Exercise aim :: Print every line from the start of the data, and when you reach the line with "车友二手车行的第一张照片--广州相亲服务中心", include it and stop. Pictures are not part of the copy.

Information Block Start

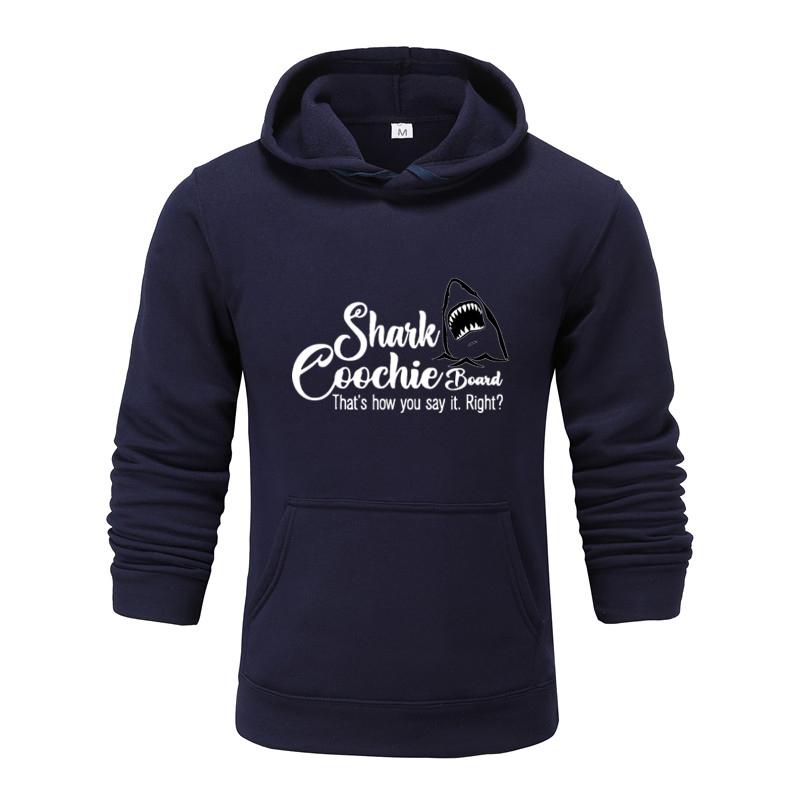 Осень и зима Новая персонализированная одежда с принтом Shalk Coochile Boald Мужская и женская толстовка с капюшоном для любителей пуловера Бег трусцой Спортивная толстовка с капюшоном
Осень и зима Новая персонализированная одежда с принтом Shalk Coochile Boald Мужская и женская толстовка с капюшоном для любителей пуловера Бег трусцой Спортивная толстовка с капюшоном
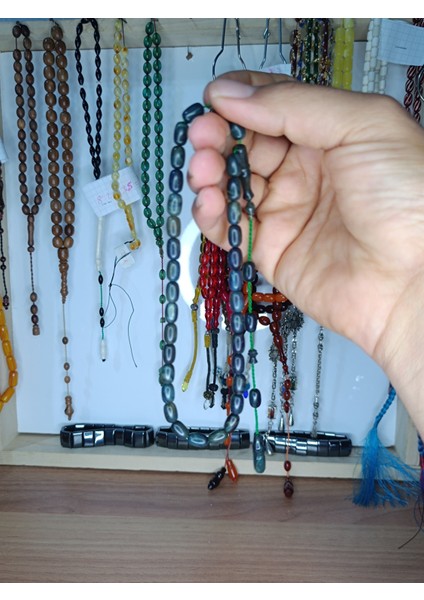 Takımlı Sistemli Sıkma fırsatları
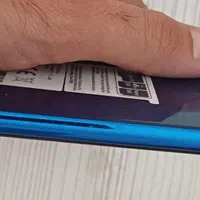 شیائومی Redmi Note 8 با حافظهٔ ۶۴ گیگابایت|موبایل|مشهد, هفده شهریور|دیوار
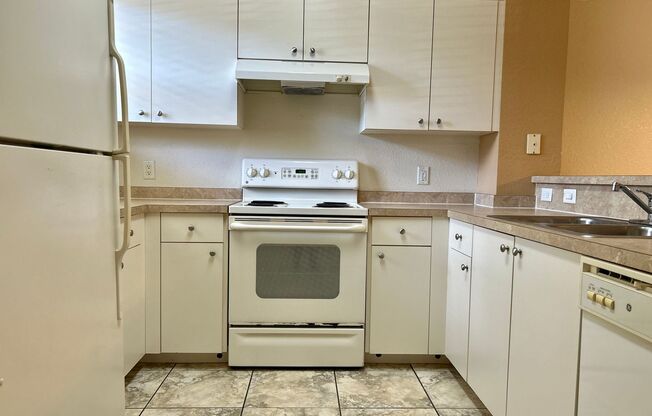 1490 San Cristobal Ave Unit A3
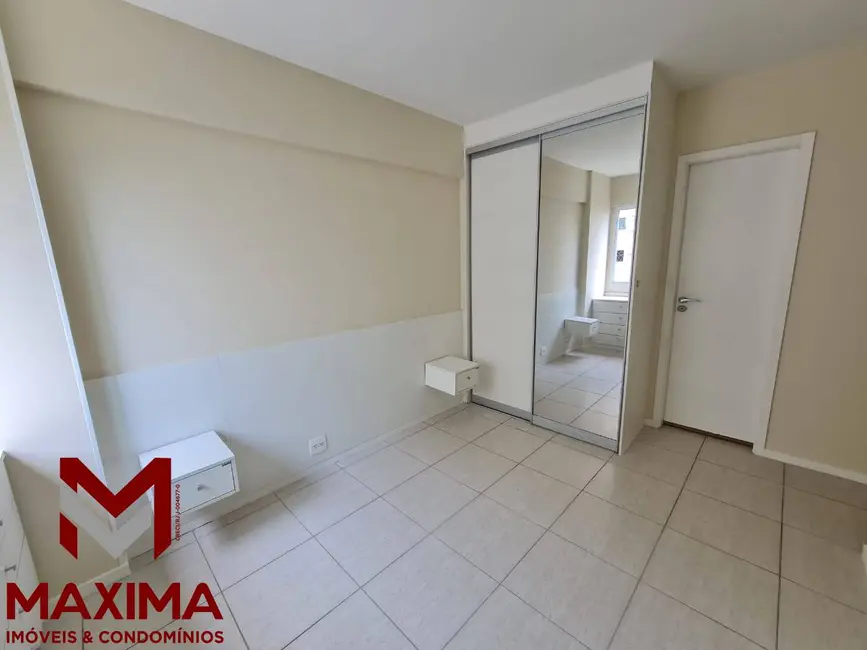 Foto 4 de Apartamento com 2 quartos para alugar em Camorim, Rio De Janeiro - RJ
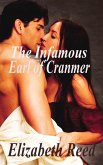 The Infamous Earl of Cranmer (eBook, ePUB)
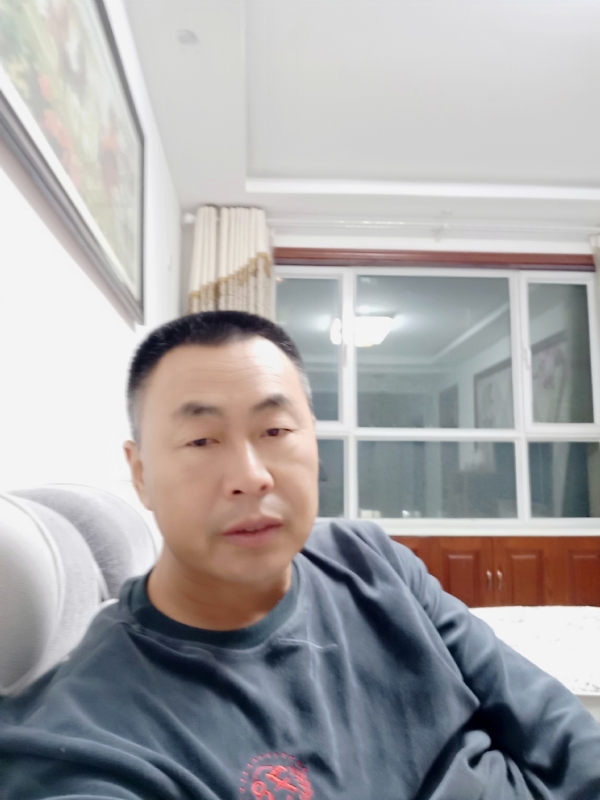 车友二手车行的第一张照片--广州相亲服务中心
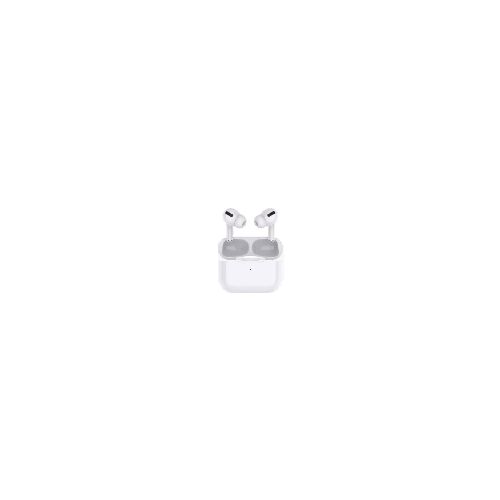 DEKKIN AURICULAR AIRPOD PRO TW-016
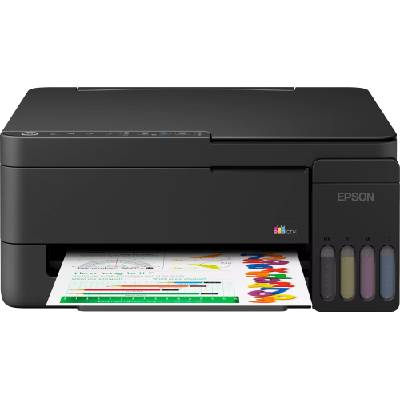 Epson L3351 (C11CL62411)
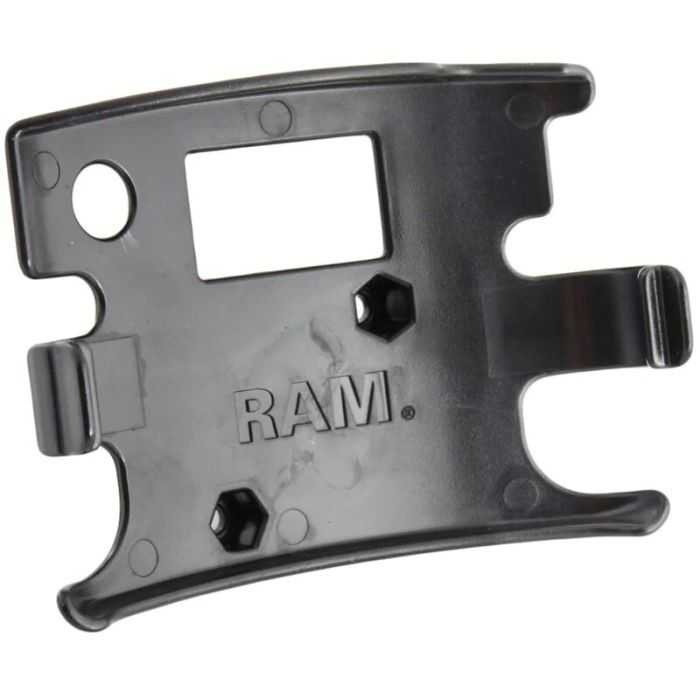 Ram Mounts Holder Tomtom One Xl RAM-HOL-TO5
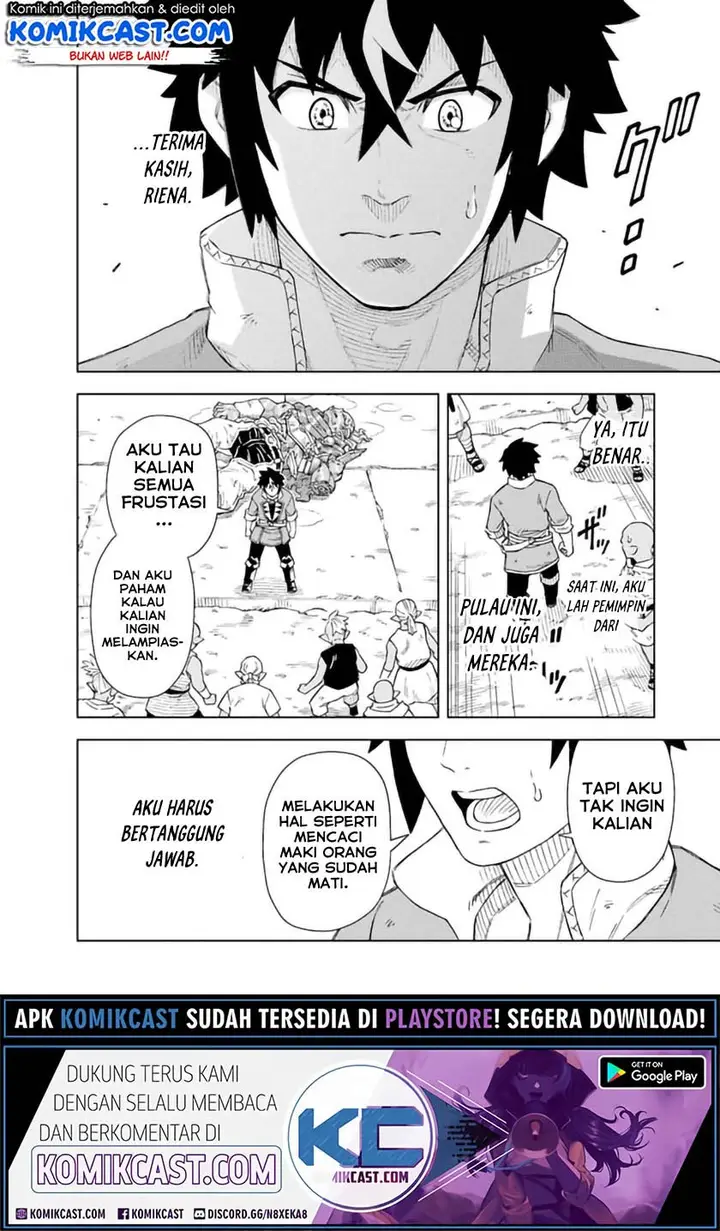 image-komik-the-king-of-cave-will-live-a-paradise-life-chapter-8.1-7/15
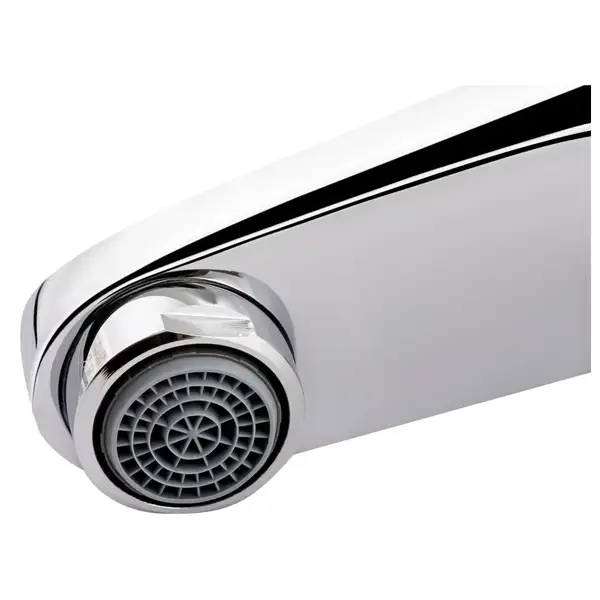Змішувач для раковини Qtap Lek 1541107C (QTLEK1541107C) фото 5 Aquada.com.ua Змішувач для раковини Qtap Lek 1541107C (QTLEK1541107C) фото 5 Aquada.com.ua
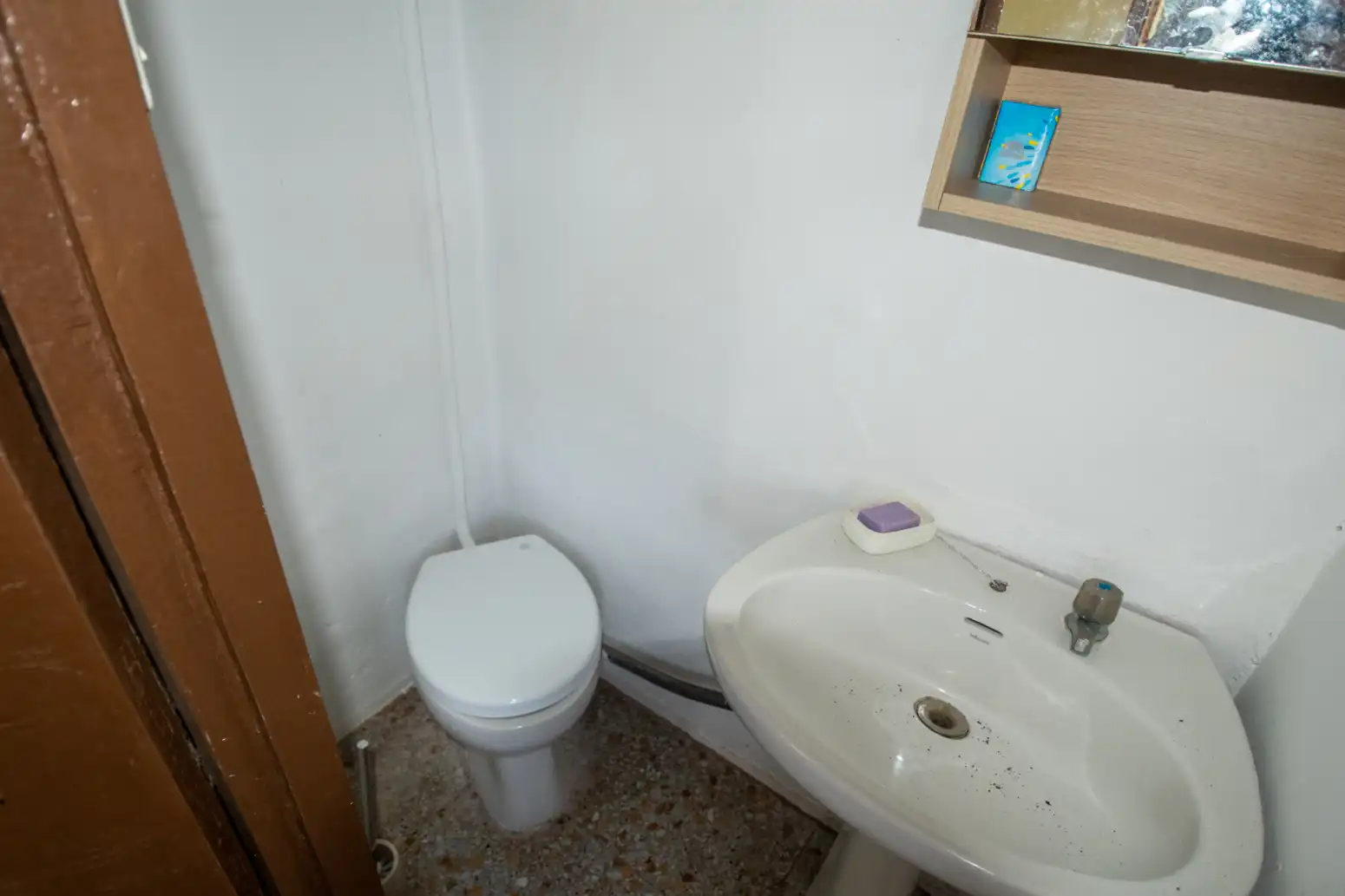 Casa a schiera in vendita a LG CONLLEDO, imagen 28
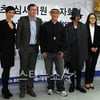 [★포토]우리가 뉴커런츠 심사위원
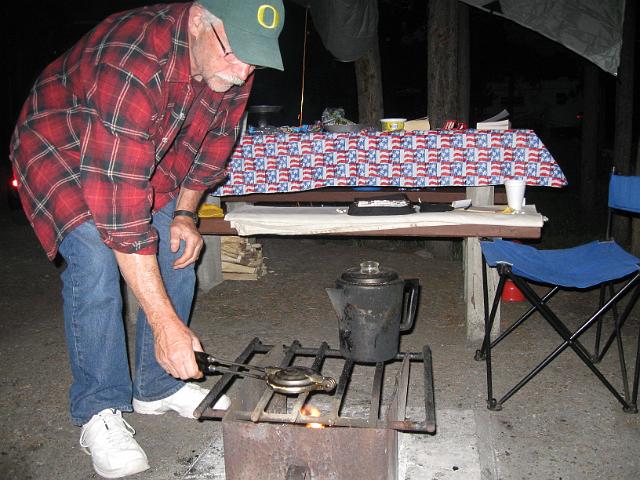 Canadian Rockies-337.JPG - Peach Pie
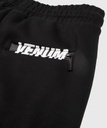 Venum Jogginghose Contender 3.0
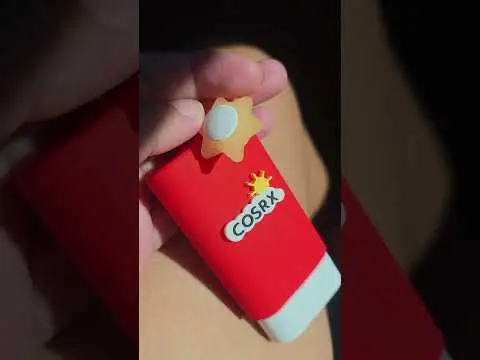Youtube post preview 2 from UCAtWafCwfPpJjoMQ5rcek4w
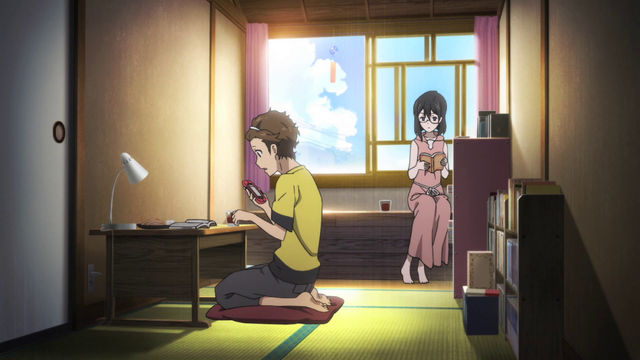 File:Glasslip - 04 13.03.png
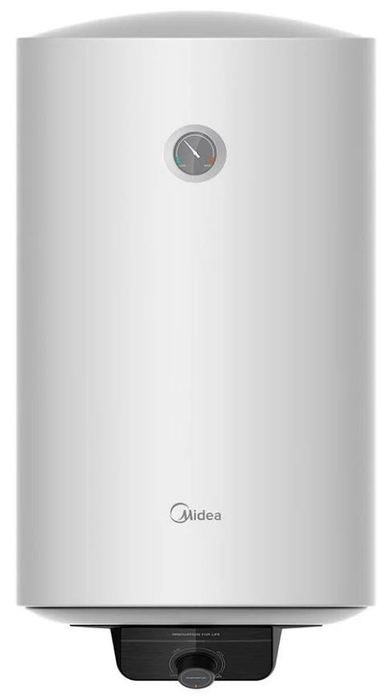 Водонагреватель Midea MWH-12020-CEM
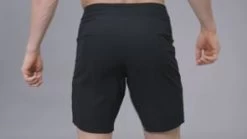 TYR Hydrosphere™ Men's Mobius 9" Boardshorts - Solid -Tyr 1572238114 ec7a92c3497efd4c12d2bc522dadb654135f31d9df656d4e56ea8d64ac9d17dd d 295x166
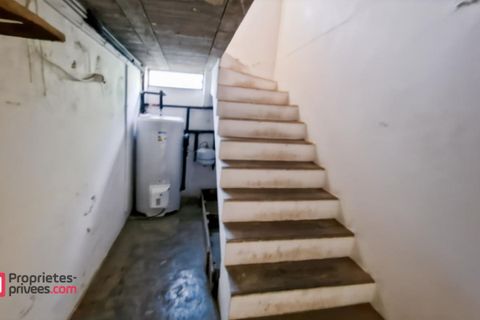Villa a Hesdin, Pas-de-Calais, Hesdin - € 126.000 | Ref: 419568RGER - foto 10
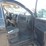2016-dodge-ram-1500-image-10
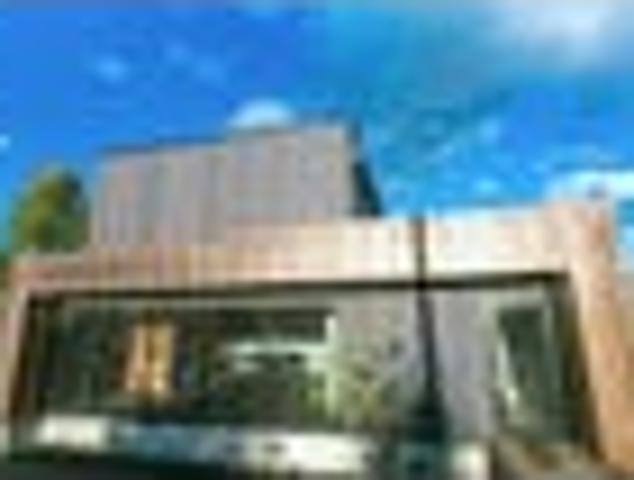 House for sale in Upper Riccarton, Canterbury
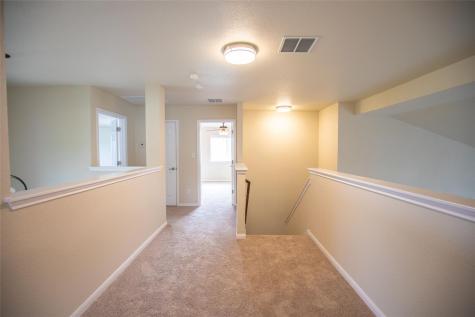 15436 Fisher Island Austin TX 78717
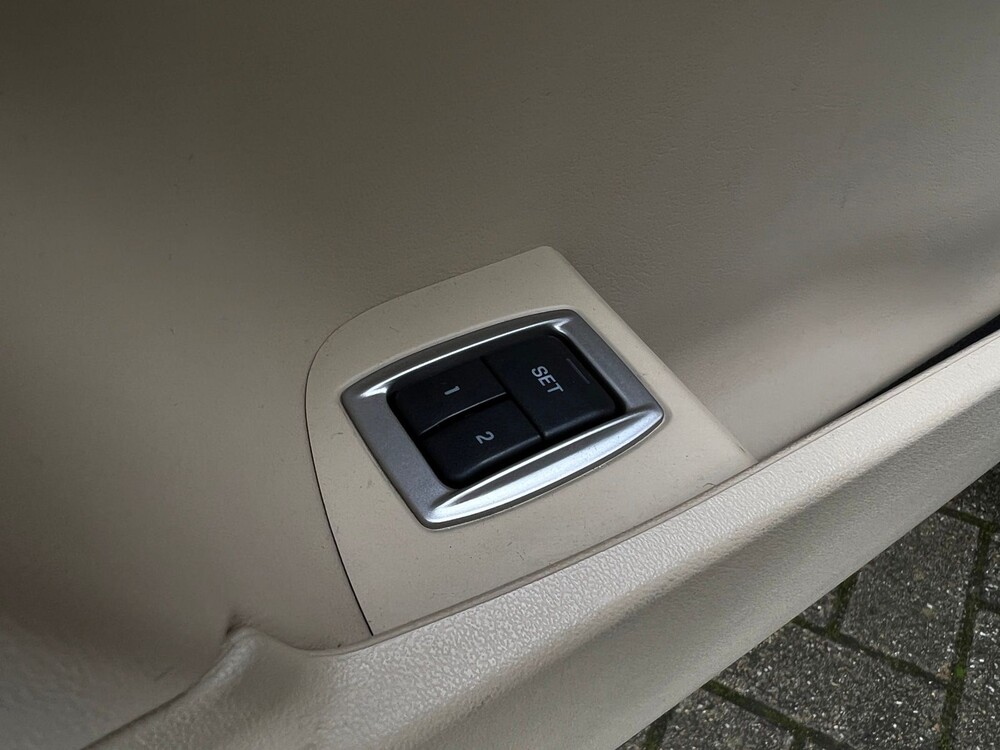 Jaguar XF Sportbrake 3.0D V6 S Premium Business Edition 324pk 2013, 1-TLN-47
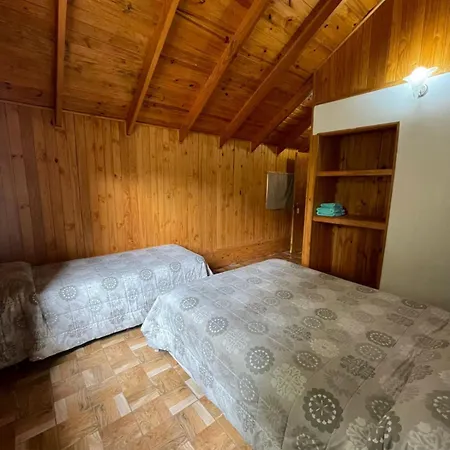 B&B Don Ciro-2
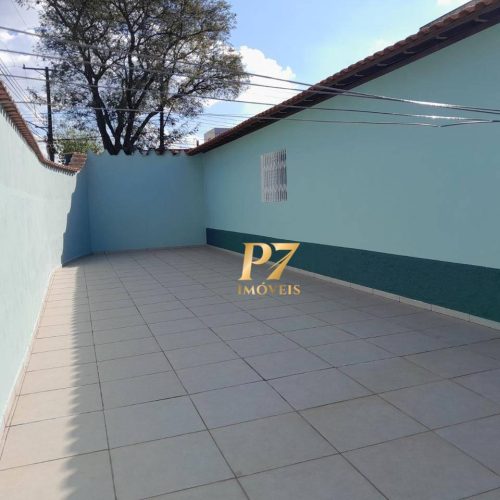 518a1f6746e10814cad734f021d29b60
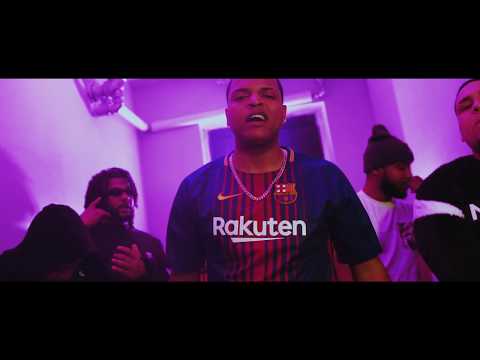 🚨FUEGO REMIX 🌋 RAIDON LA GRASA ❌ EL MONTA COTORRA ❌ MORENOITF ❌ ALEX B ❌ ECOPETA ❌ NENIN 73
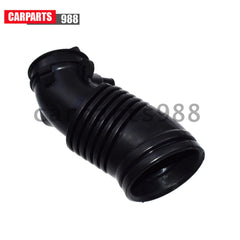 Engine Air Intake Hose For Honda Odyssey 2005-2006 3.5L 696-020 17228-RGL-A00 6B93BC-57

Information Block End

Answer section ::
 Осень и зима Новая персонализированная одежда с принтом Shalk Coochile Boald Мужская и женская толстовка с капюшоном для любителей пуловера Бег трусцой Спортивная толстовка с капюшоном
Осень и зима Новая персонализированная одежда с принтом Shalk Coochile Boald Мужская и женская толстовка с капюшоном для любителей пуловера Бег трусцой Спортивная толстовка с капюшоном
 Takımlı Sistemli Sıkma fırsatları
 شیائومی Redmi Note 8 با حافظهٔ ۶۴ گیگابایت|موبایل|مشهد, هفده شهریور|دیوار
 1490 San Cristobal Ave Unit A3
 Foto 4 de Apartamento com 2 quartos para alugar em Camorim, Rio De Janeiro - RJ
 The Infamous Earl of Cranmer (eBook, ePUB)
 车友二手车行的第一张照片--广州相亲服务中心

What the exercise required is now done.